* [Available data]:
════

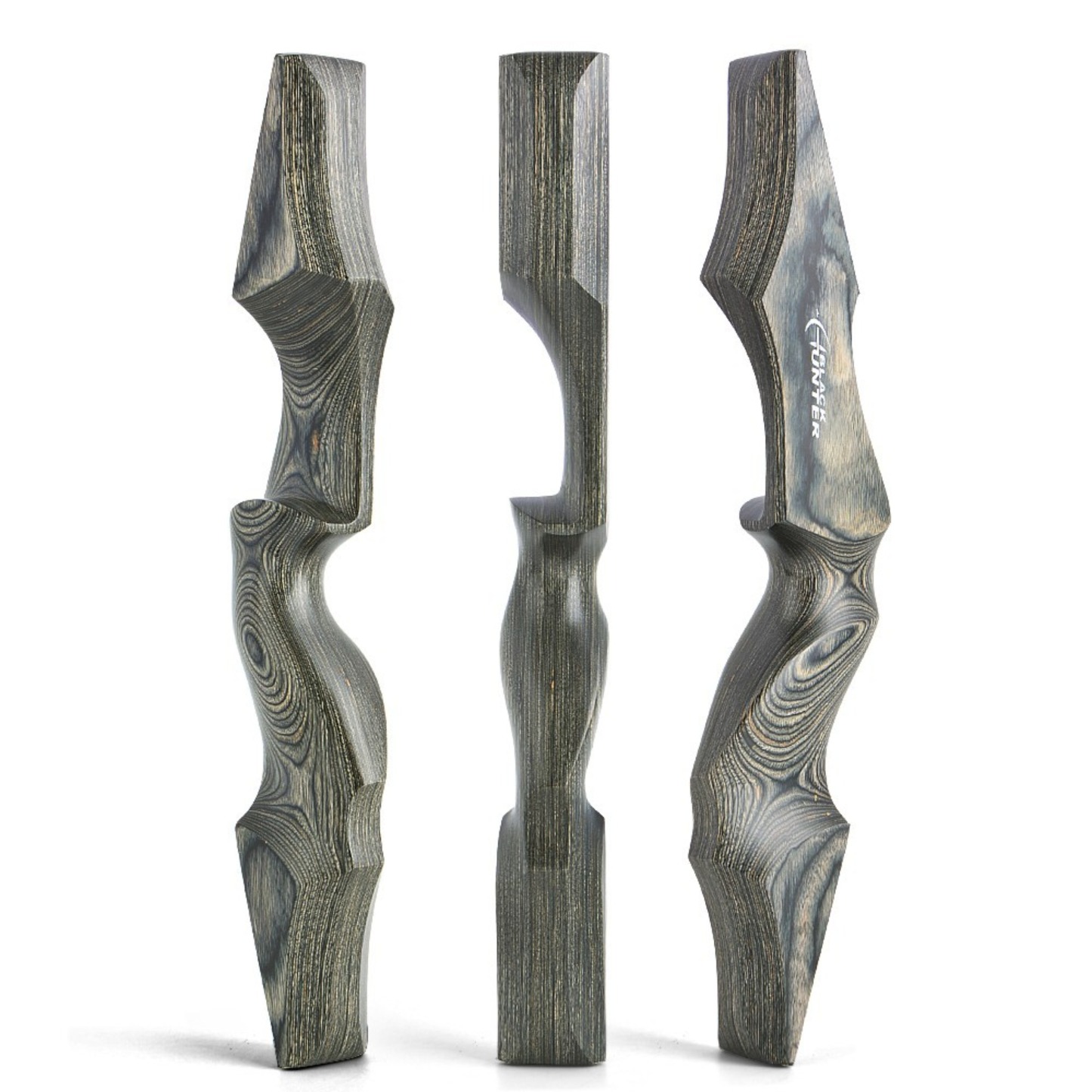 Black Hunter Wooden Recurve Takedown Bow for Adults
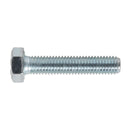 Sealey 8.8 Zinc Plated HT Setscrew M8 x 40mm, DIN 933 - Pack of 50 SS840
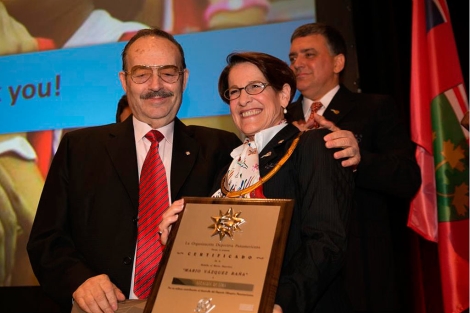 El presidente de la ODEPA y la alcaldesa de Lima, Susana Villarán.| Efe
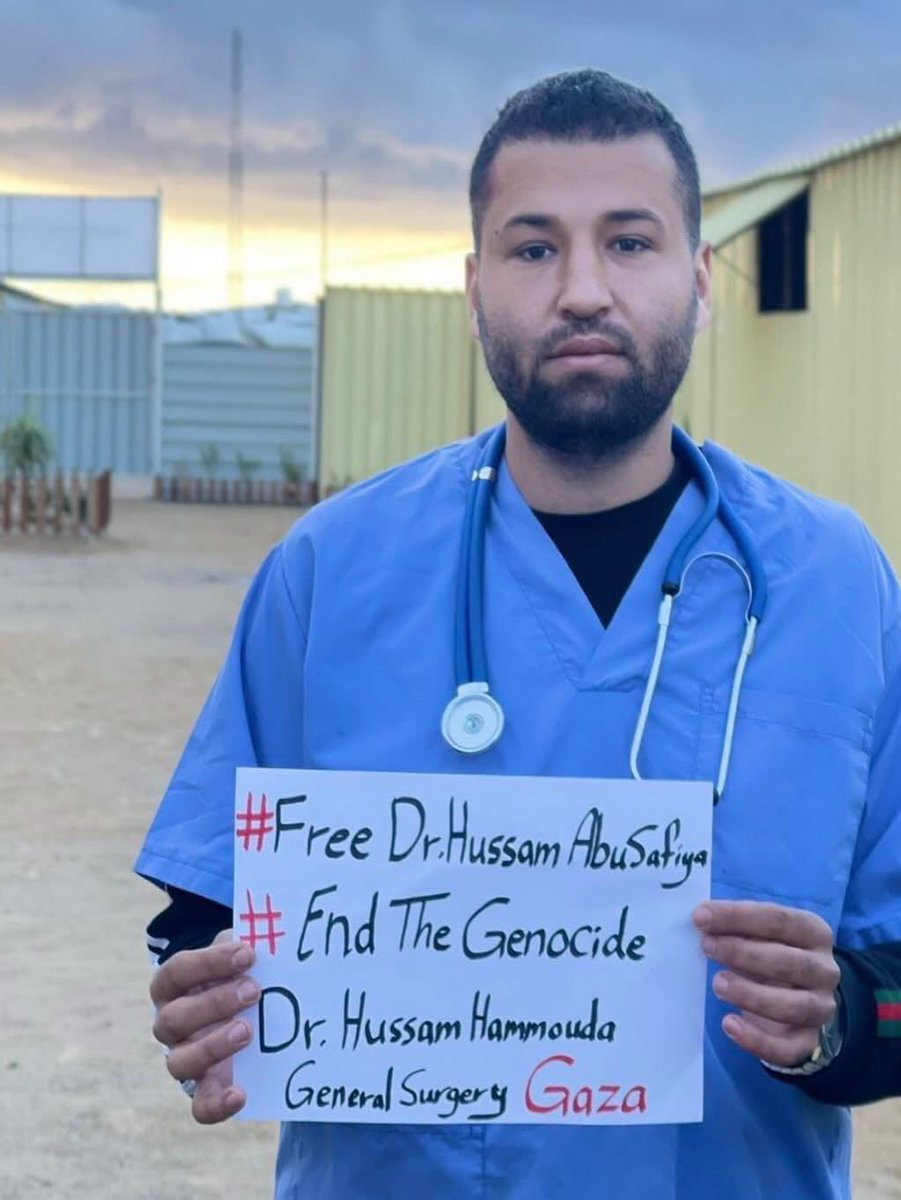 yipengGe's tweet photo. Doctors and healthcare workers from all over the world have previously called for the release of Dr. Hussam Abu Safiya. Release them all!!! https://t.co/a8JgcdMQs1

════

* [Action item]:
Repeat all of the material above exactly, leaving out pictures.

* [Answer to the exercise]:
 Black Hunter Wooden Recurve Takedown Bow for Adults
 Sealey 8.8 Zinc Plated HT Setscrew M8 x 40mm, DIN 933 - Pack of 50 SS840
 El presidente de la ODEPA y la alcaldesa de Lima, Susana Villarán.| Efe
 yipengGe's tweet photo. Doctors and healthcare workers from all over the world have previously called for the release of Dr. Hussam Abu Safiya. Release them all!!! https://t.co/a8JgcdMQs1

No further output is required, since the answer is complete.